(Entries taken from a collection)
#####

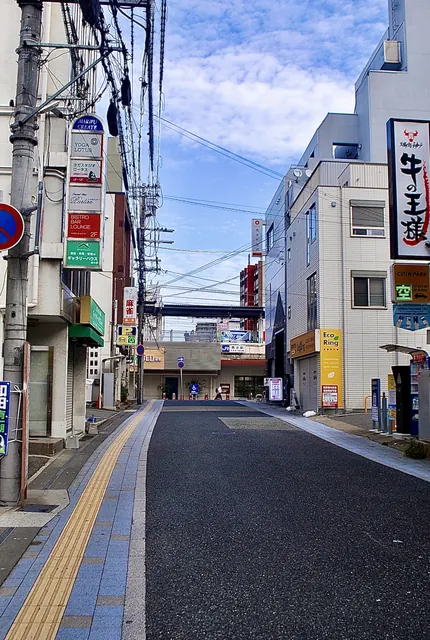 縦長の看板と電線が並び、奥へ続く駅前の通り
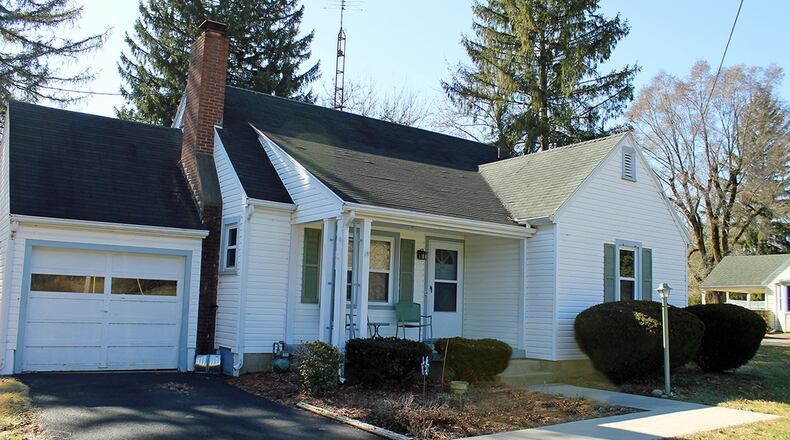 Exterior features of this 1.5-story home include a covered front porch and an attached garage. CONTRIBUTED PHOTOS BY VICKIE KAPNAS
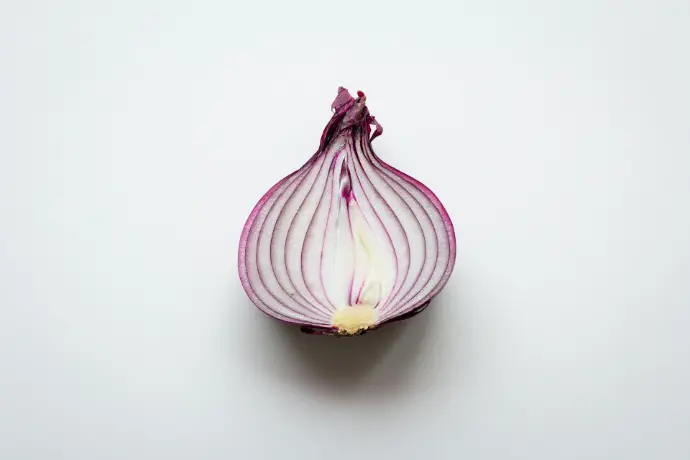 pink and white garlic on white surface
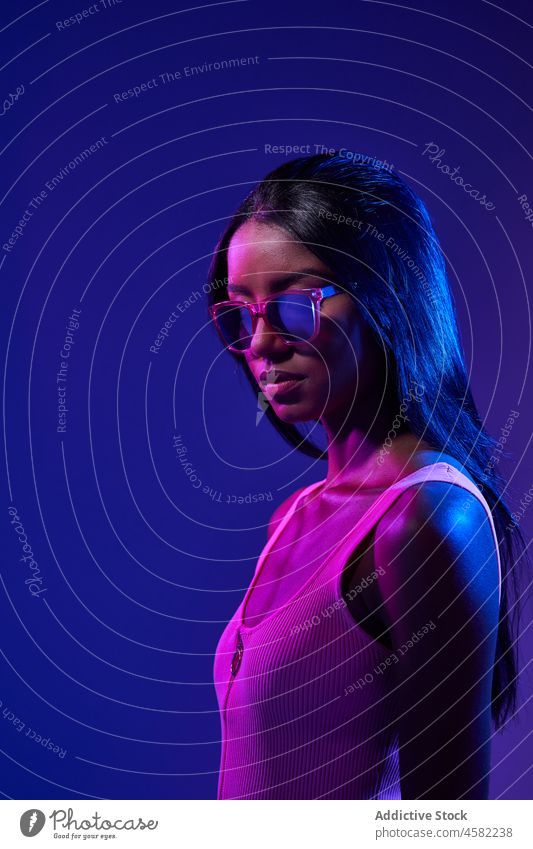 Stilvolle brasilianische Frau im Studio mit Neonlicht Sonnenbrille Accessoire cool trendy Atelier fluoreszierend ultraviolett modern Mode Porträt Licht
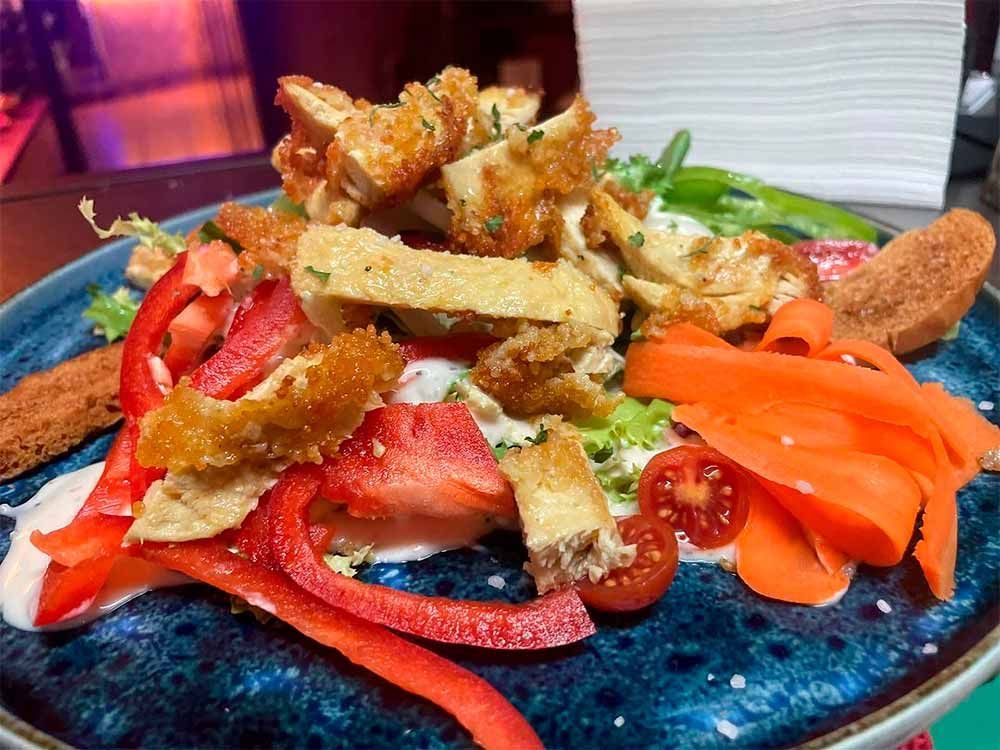 Un primer plano de un plato de comida con verduras en una mesa.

#####

TASK INSTRUCTIONS: Pictures must be left out when the records are transcribed exactly.

OUTPUT OF THE EXERCISE:
 縦長の看板と電線が並び、奥へ続く駅前の通り
 Exterior features of this 1.5-story home include a covered front porch and an attached garage. CONTRIBUTED PHOTOS BY VICKIE KAPNAS
 pink and white garlic on white surface
 Stilvolle brasilianische Frau im Studio mit Neonlicht Sonnenbrille Accessoire cool trendy Atelier fluoreszierend ultraviolett modern Mode Porträt Licht
 Un primer plano de un plato de comida con verduras en una mesa.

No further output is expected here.